The SEC alleged that the three family members did not have the same academic and professional credentials that were expected for BNY Mellon internship candidates, and they were not expected to stay on as full-time employees at the conclusion of the internship. A BNY Mellon employee in an internal email suggested that hiring the interns was an “expensive favor” as BNY Mellon also paid for the visas to allow the interns to travel from the Middle East to their place of work in the United States or United Kingdom. The SEC further alleged that the interns were “less than exemplary” employees and were accommodated throughout their tenures.

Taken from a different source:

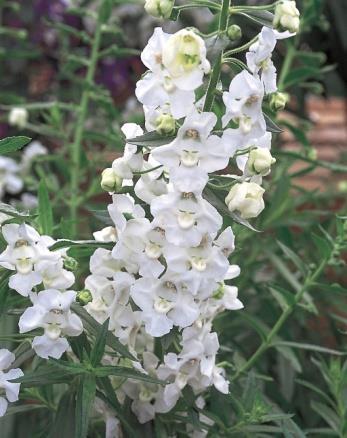 Angelonia angustifolia (Summer Snapdragon) Light Requirements: Sun Bloom Time: Planting until frost Garden Height: 18 24 Spacing: 10 14 Angelonia are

- BNY Mellon’s FCPA Compliance Program
During the relevant time of the SEC’s inquiry, BNY Mellon had an FCPA Compliance Policy and a Code of Conduct, and it provided training to its employees on the obligations under these policies. The SEC alleged that the policies did not adequately address the risks involved in hiring practices, and did not provide additional guidance to address a request for internships by officials from clients. According to the SEC, the human resources department was not properly trained to deal with these potentially problematic hires, and the sales staff and client managers were given wide latitude in hiring decisions. The SEC also alleged that BNY Mellon did not have adequate measures in place to determine whether employees were actually taking the training or understanding its policies.
- FCPA Violations and Resolution
According to the SEC, BNY Mellon violated Section 30A of the Securities Exchange Act of 1934 by corruptly providing valuable internships to relatives of the Fund Officials in order to assist BNY Mellon in retaining and obtaining business, and BNY Mellon violated Section 13(b)(2)(B) of the Exchange Act by failing to devise and maintain a system of internal accounting controls sufficient to provide reasonable assurances that its employees were not bribing foreign officials. BNY Mellon agreed to settle the charges with neither admitting nor denying these allegations.
The SEC considered BNY Mellon’s cooperation and its remedial efforts when considering penalties for these violations. Specifically, the SEC stated that BNY Mellon had enhanced anticorruption policies and procedures to address the known deficiencies. The SEC accepted a sanctions offer of $14.8 million – disgorgement of $8.3 million, prejudgment interest of $1.5 million and a civil money penalty in the amount of $5 million.
This case marks the SEC’s first settlement related to the government’s recent interest in sovereign wealth funds, and it confirms the government’s commitment to pursuing FCPA violations in the financial services industry. This case serves as a reminder of the importance of having company FCPA policies and procedures that are tailored to a company’s business with effective internal controls and appropriate training in the implementation of those policies and procedures.